5foot5 · 11/08/2022 10:28

onlythreenow · 11/08/2022 05:35

Culture around food has changed immensely. Eating between meals was a no-no. Soft drinks were only found at parties. Pudding on a Sunday.

I am 63 and don't remember eating between meals being a no-no. It was quite common to have something to eat at morning and afternoon tea time - although the size of cakes, muffins etc. has definitely increased, and as for pudding we had it every day when I was a child. However most people were far more active than they are now, and didn't have the processed food we have available these days.

I agree with all of this.

We were allowed the occasional snack to put us on until tea time, though woe betide you if you then couldn't eat your meal.

Puddings happened every day - though often it was some sort of milk pudding like rice or semolina.

Very little processed food though, everything cooked from scratch. Helpings of everything were smaller. I like cake as much as the next woman but I am often startled at the size of a slice of cake served nowadays. What's wrong with just two layers on a cake, why does it have to be about seven layers and six inches deep? Only yesterday we were in a cafe and I thought a slice of Victoria sponge would be nice but when I saw the size of the slice I demurred, couldn't eat all that.
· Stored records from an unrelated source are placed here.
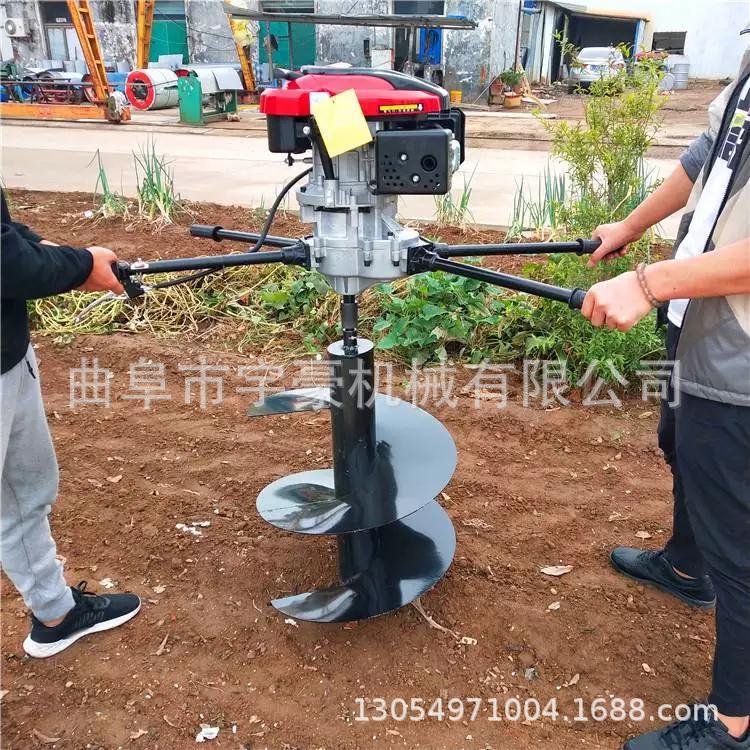 手提轻便地钻机多少钱一台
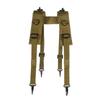Multi-functional Tactical Carrying Rig with Weighted Y & H Straps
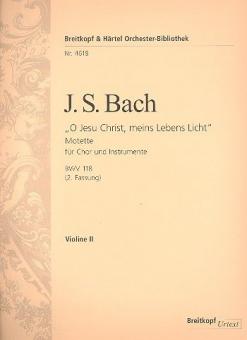 O Jesu Christ, meins Lebens Licht 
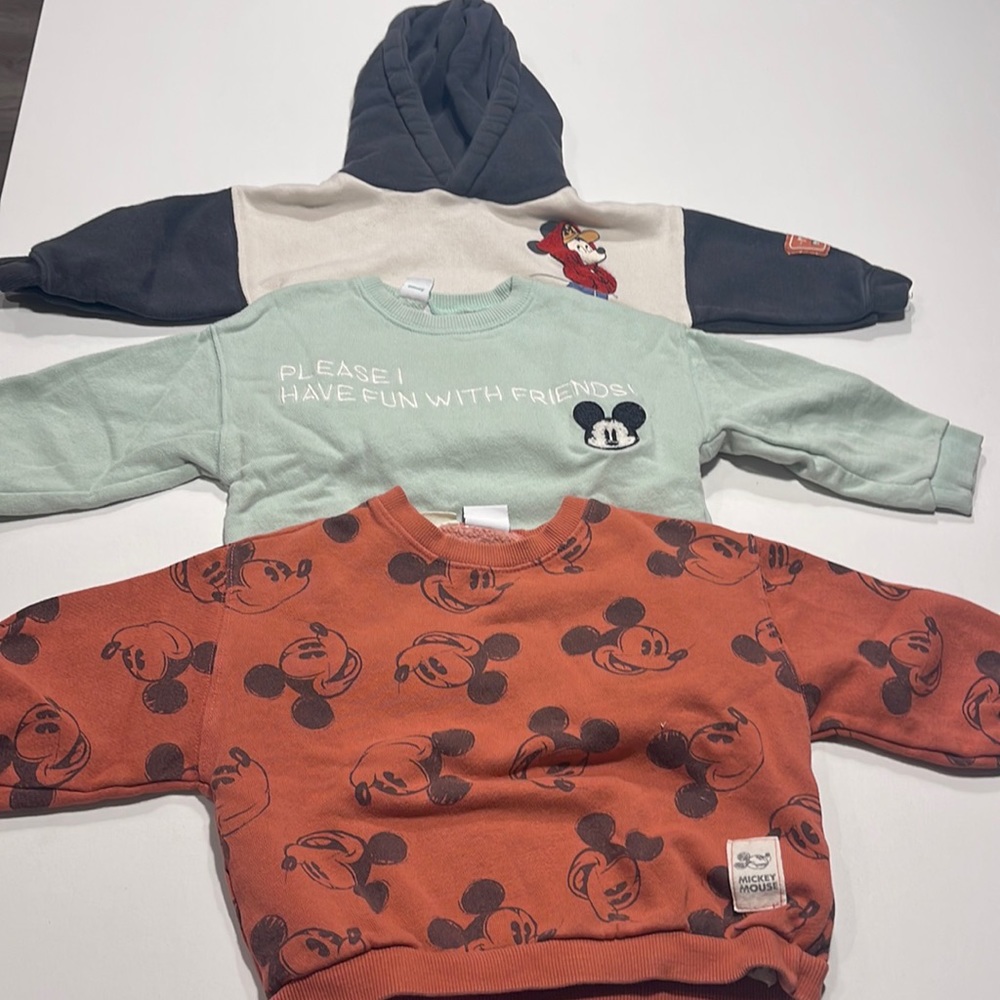 Mickey zara bundle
threatmatrix · 11/08/2022 10:43

Tattoos have been around for years they just weren’t so popular

MuddlerInLaw · 11/08/2022 10:47

Mixed race marriage was forbidden

Where? When?

You’re surely not talking about England in the 1960s or later? Because I was there and knew plenty of mixed race marriages amongst my parents friends.

Are you thinking of some other country?

x2boys · 11/08/2022 10:53

Mollymoostoo · 11/08/2022 08:51

Suicide was a crime and so was homosexuality. Mixed race marriage was forbidden and unwed mothers had their babies ripped from their arms. People are tired and drained now after years of fighting to be treated with dignity.

It's easy to loo back with Rose tinted glasses but we are now feeling the effects of previous generations and clearing up mess of environmental catastrophe, high taxes and constant threat of war.

People were certainly more openly racist ,but I don't think mixed race marriage was forbidden
Some people certainly might have frowned upon it .

CounsellorTroi · 11/08/2022 10:53

I like cake as much as the next woman but I am often startled at the size of a slice of cake served nowadays. What's wrong with just two layers on a cake, why does it have to be about seven layers and six inches deep?

I agree they are ridiculous. DH and I usually a slice of cake when we go to a coffee shop. One coffee shop near me has toasted teacakes that are almost the size of a dessert plate.